Requirement: Everything from the line that holds "Just A Girl" through the end of the listing below must be retyped word for word, without any pictures.

Dataset content:
⟨

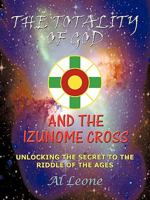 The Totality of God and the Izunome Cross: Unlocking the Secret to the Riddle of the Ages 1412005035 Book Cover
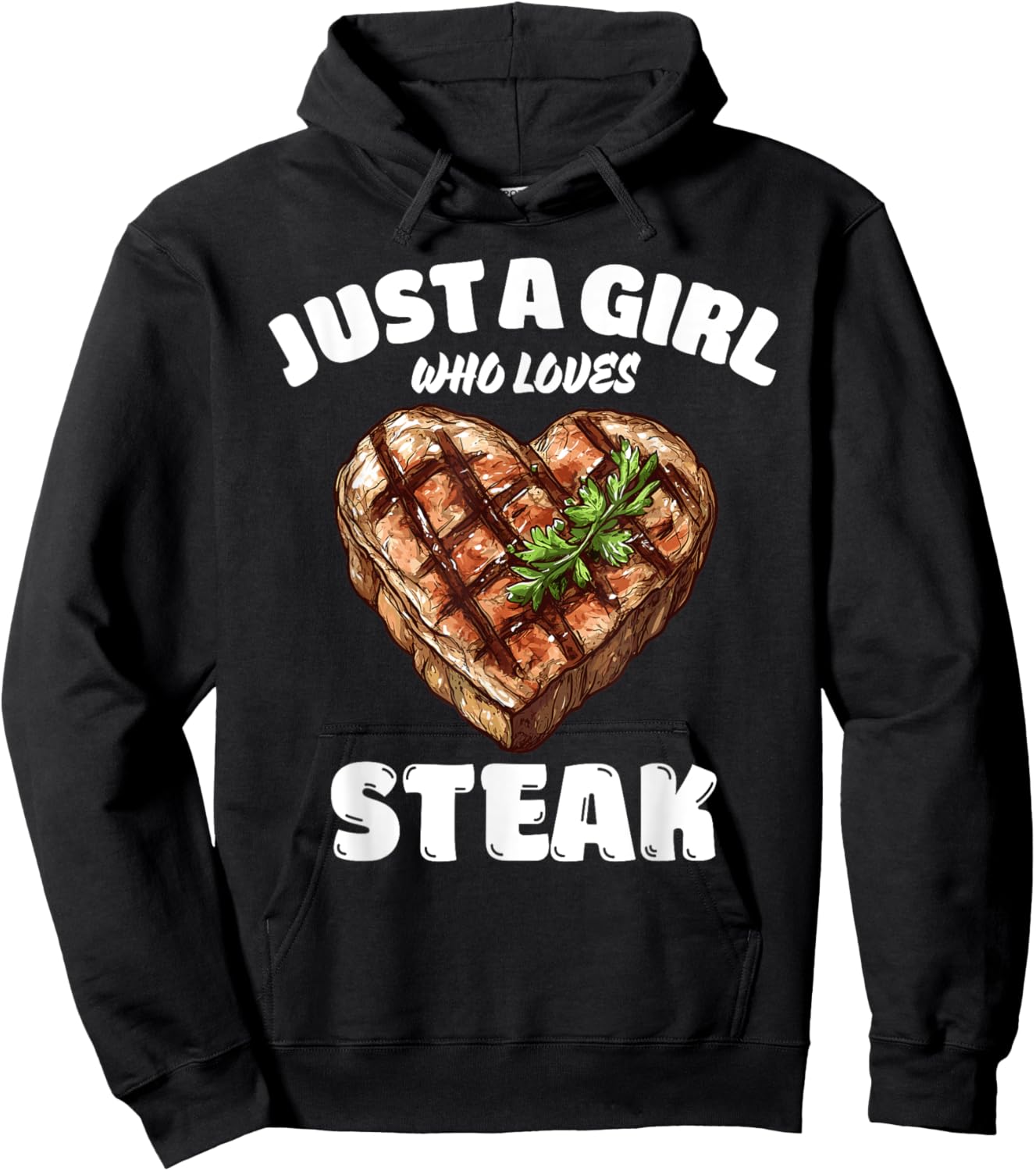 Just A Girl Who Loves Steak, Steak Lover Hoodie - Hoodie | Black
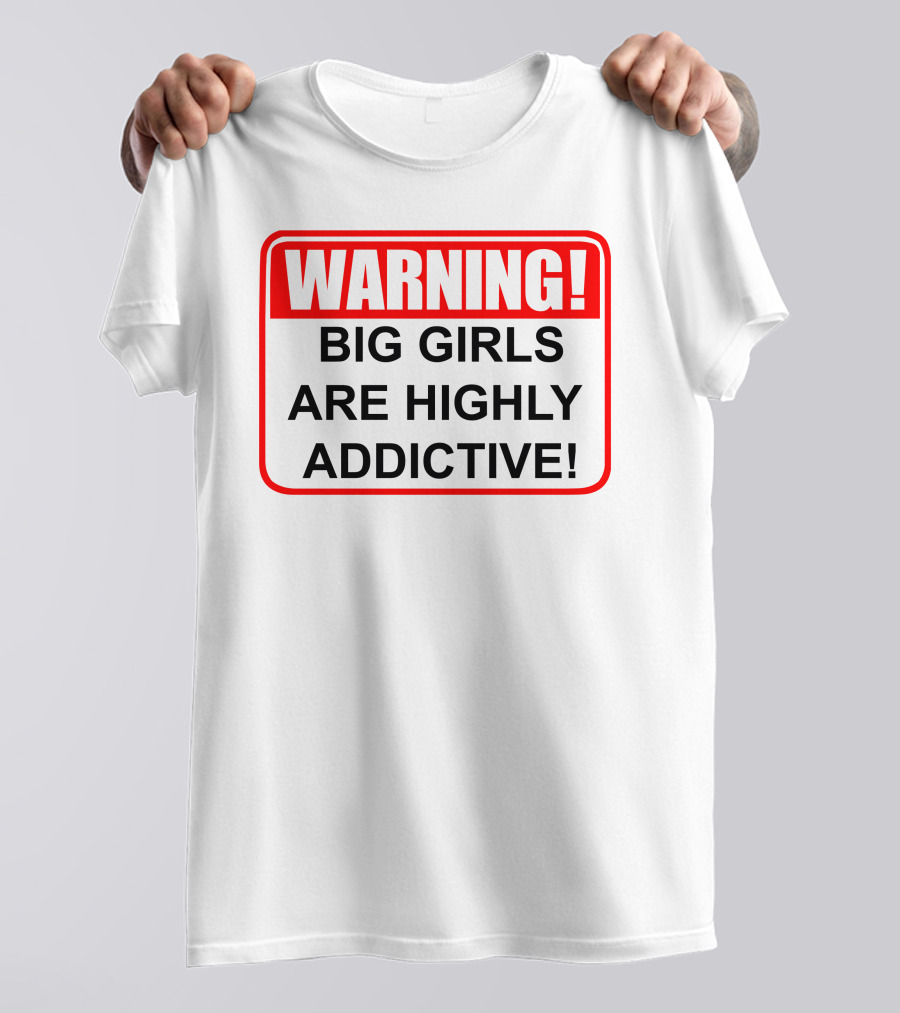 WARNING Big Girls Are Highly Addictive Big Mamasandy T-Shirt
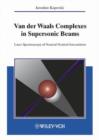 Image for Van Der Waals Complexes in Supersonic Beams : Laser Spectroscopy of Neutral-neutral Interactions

⟩

Answer section:
 Just A Girl Who Loves Steak, Steak Lover Hoodie - Hoodie | Black
 WARNING Big Girls Are Highly Addictive Big Mamasandy T-Shirt
 Image for Van Der Waals Complexes in Supersonic Beams : Laser Spectroscopy of Neutral-neutral Interactions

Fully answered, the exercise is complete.